ミュージックビデオは、赤と金がにじむ邸宅で繰り広げられます。画面を満たす濃い色から、おとなしく帰ってくるつもりはない、と言っているようです。トラックは大胆で、遊び心があります。その上で、メンバーたちは愛情を求めるように歌うのですが、これが哀願のようには聞こえません。「愛をちょうだい(Gimme Dat Love)」という言葉なのに、ねだるのではなく、受け取るものは受け取る、というトーンなんです。その微妙な温度差が、この曲の性格をすべて物語っています。

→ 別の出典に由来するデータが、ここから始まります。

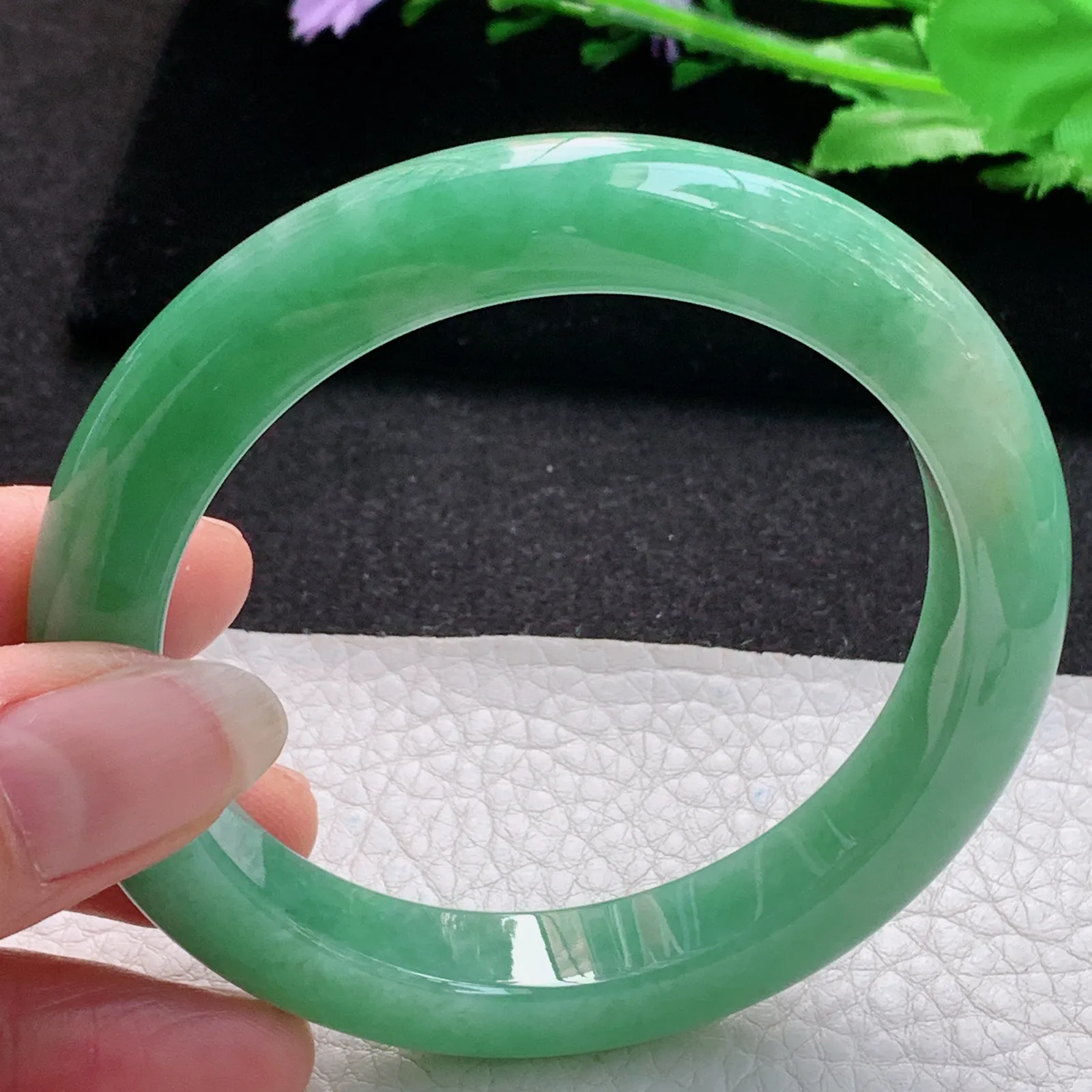 nr大圈口59.5*11*9.5平安镯 缅甸翡翠a货玉手镯胶感满绿宽边玉手环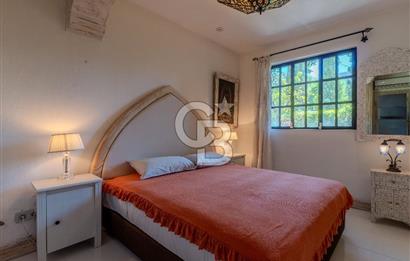 Bodrum Türkbükü’nde Eşyalı 1+1 Kış Bahçeli Müstakil Taş Ev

振り付けは角が鋭く、グループのフォーメーションが力強いです。音だけで感じていた勢いが、隊列と身体の角度へと移っていくことで、「堂々とした感じ」が耳にも目にもくっきりと立ち上がります。わたしは、ここが (G)I-DLE らしさだと思うんです。感情を隠すよりも、正面から取り出すやり方が。アルバムのタイトルが『We made』であることも、なんだか心に残り続けます。誰かに用意してもらった舞台ではなく、わたしたちが作った舞台だ、という宣言のようですよね。
トラックを支える手
プロデュースには DaraMola が参加したそうです。Anitta やSean Paul といった名前と仕事をしてきた手です。さまざまなリズムを行き来しながらポップとダンスを作ってきた人が加わったと知ってから聴き直すと、トラックのしなやかさがなぜこうなのか、腑に落ちます。この余裕のあるグルーヴは、ただ生まれたものではなかったんです。一度聞き流して終わる曲ではありません。リズムを噛みしめるほど、新しく聞こえてくる部分があります。わたしは二度目に聴いたとき、サビの裏拍がずっと大きく引っかかってきました。
とにかく一度、聴いてみて。「愛をちょうだい」という言葉を、こんなに余裕たっぷりに、しかも遊び心たっぷりに言えるチームが、ほかにいるだろうかと思ってしまいます。夏に似合う、あの堂々とした図々しさが、まさにこれなんです。暑さでぐったりしていた気持ちも、この曲をかけると、不思議と姿勢を正したくなります。カムバックのタイミングをなぜ真夏に合わせたのか、聴いているうちに、なんとなく分かってきます。

発見ノート
鏡の前で服を選ぶとき、いつもなら手が伸びなかった色を、一度は手に取ってみたくなる曲です。ひとまずかけて、選んでみてください。音量は少し大きめに。サビで、肩が先に反応するかどうか、感じてみるといいですよ。今日くらいは、堂々と愛を求めてもいいじゃないですか。そんな一日が必要な日に、この曲がぴったりです。